Automotive — Body-in-white, chassis, brackets, and subassemblies with weld nuts and bolts throughout. IATF 16949 traceability requirements make the SmartForce’s data logging and printing capabilities especially relevant.

Aerospace & Defense — Applications where weld quality documentation isn’t optional.

Appliance Manufacturing — High-volume nut welding where consistent process monitoring prevents field failures and warranty costs.

Electronics & Industrial Equipment — Lower-volume, higher-precision applications where part profiles and documented test history add value throughout the production lifecycle.

If you weld nuts or bolts to metal stampings and those fasteners have to hold — this conversation is worth 30 minutes of your time.

Frequently Asked Questions

What’s the difference between a push-out test and a push-off test? Nothing. The terms are used interchangeably in the industry. Both refer to the same destructive test methodology: applying direct axial force to separate a welded fastener from its base material.

What force capacity do I need? It depends on your fastener mix, sizes, and your customers’ minimum weld specs. The 5K configuration is right for most M10 and smaller fasteners — and if the highest minimum spec in your application is 4,000 lbf, there’s no reason to buy more machine than that. The 10K covers larger fasteners with higher spec requirements. The 15K is built for full-ring projection and bulkhead-style welds where breaking force is genuinely high. GES will walk through your specific application before recommending a configuration — that’s part of what the demo conversation covers.

Can the SmartForce test weld bolts as well as weld nuts? Yes. The system is designed for both. Tooling selection varies by fastener type and size. Standard tooling covers most common configurations; custom tooling is available for OEM-specific fasteners.

How does data export work? Test data exports as a standard .CSV file. When connected to a network, results can be emailed directly from the meter. Exported files are fully compatible with Excel — no proprietary software, no license fees, no locked format.

Is calibration NIST-traceable? Yes, standard. A2LA and additional certifications are available as options.

What’s the footprint of the system? The SmartForce C-Stand has a compact footprint suitable for a quality bench or dedicated test station. The optional pedestal stand is available for customers who need a purpose-built mounting solution. Contact us for full dimensional specifications.

Do you offer custom tooling for unusual fastener geometries? Yes. If your application uses non-standard fasteners, unusual weld locations, or challenging stamping geometries, our engineering team can develop custom tooling and fixtures. Contact us with your application details.

Why is the SmartForce meter different from other load cell-based testers? The SmartForce meter was developed from scratch by G.E. Schmidt’s engineering team — the programming, profile logic, run modes, and output structure are proprietary. This isn’t a commodity load cell with generic firmware. Every feature was designed specifically for nut and bolt weld verification, which is why the workflow, the data outputs, and the traceability capabilities work the way they do.

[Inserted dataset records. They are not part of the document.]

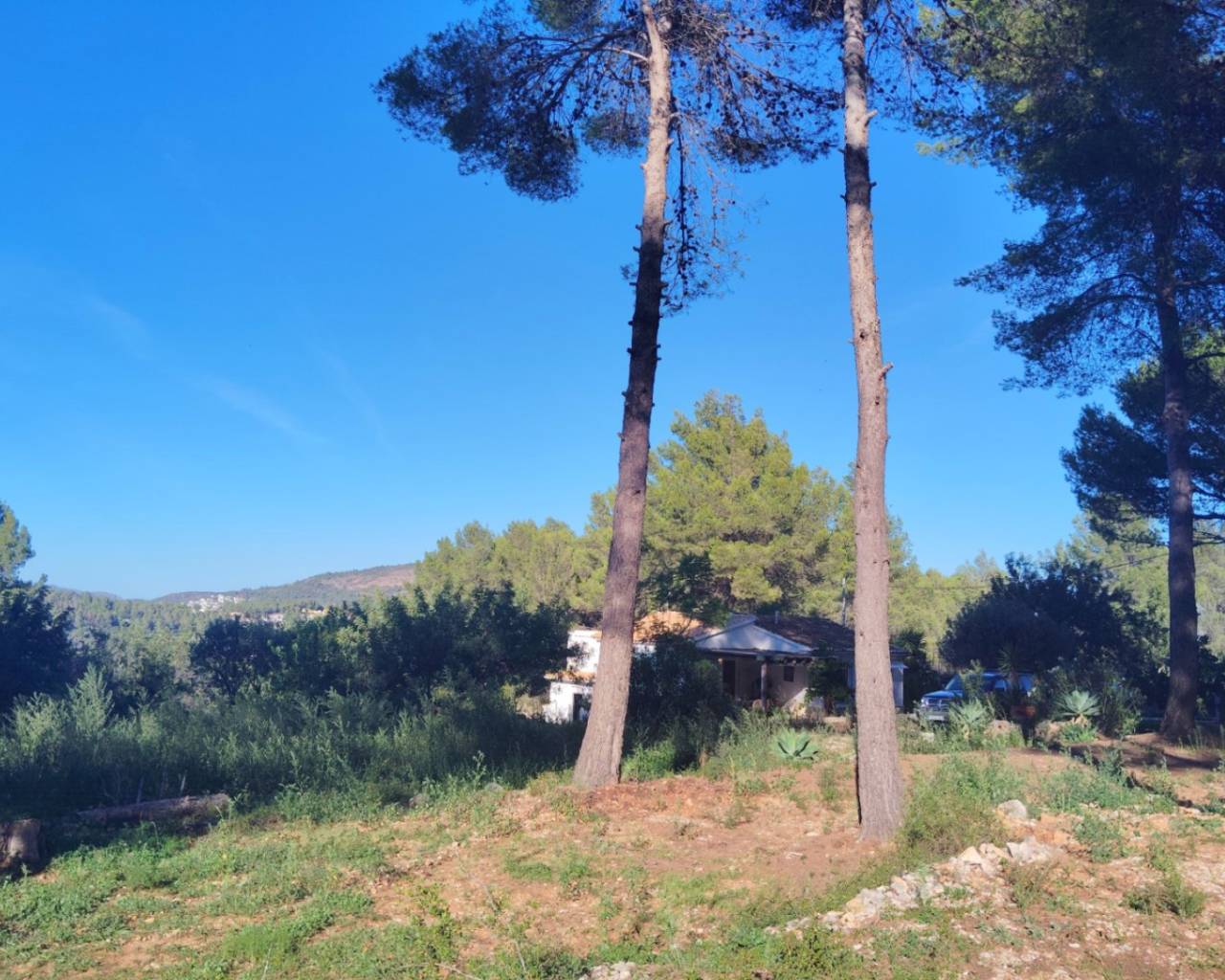 Vente - Villa individuelle - Jalon Valley - Parcent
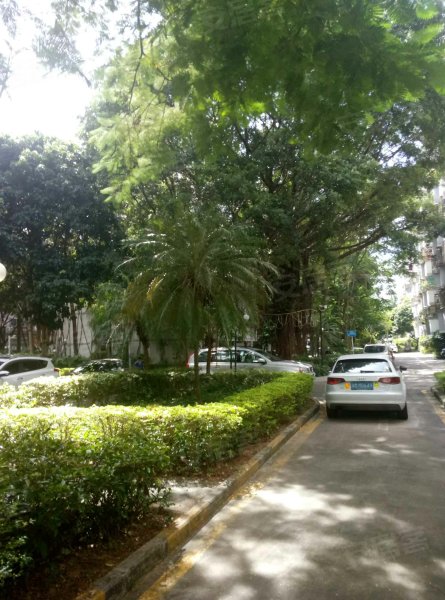 香荔花园(一期)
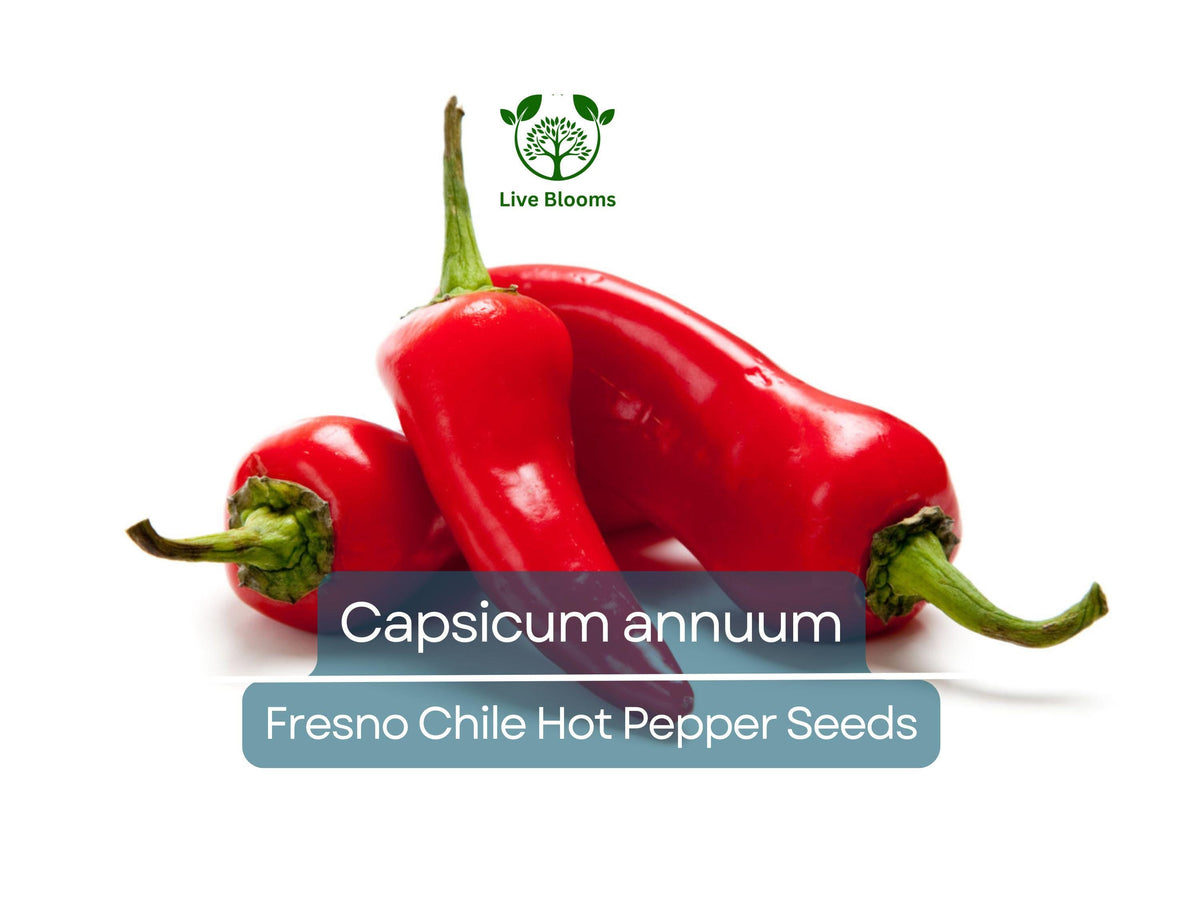 250 mg Fresno Chile Hot Pepper Seeds – Capsicum annuum, Heirloom, Spicy, for Salsas & Cooking
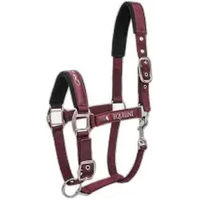 Produktbild von Equiline Timmy Halfter aus Kunststoff für Pferde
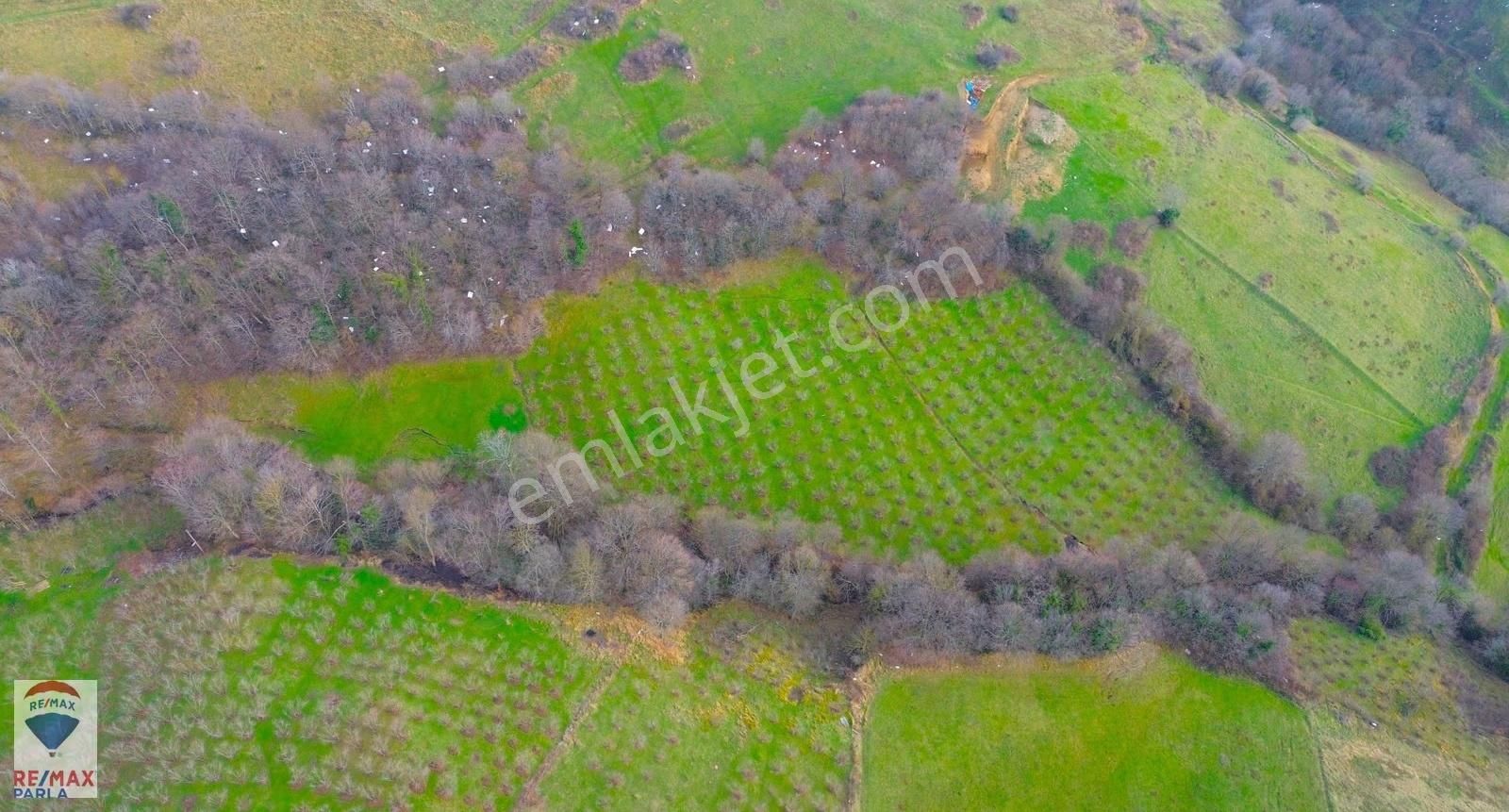 Remax Parla | Kurugökçe'de 11.5 Dönüm Tek Tapulu Fındık Bahçesi! - Görsel 22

Can I see my own parts tested during the demo? Yes. Pre-ship a sample of your parts before the session and we’ll test them live during the demo. You’ll see the actual force readings for your actual fasteners, with your weld specs loaded into the profile. It’s the most direct way to answer the question of whether the SmartForce is right for your application.

What does the virtual demo cover? A 30-minute live virtual demo walks through the full system: meter interface, profile setup, a live test, data export, and label printing. You’ll see exactly what your operators would see on day one. Most customers who see it running have their questions answered before the demo ends.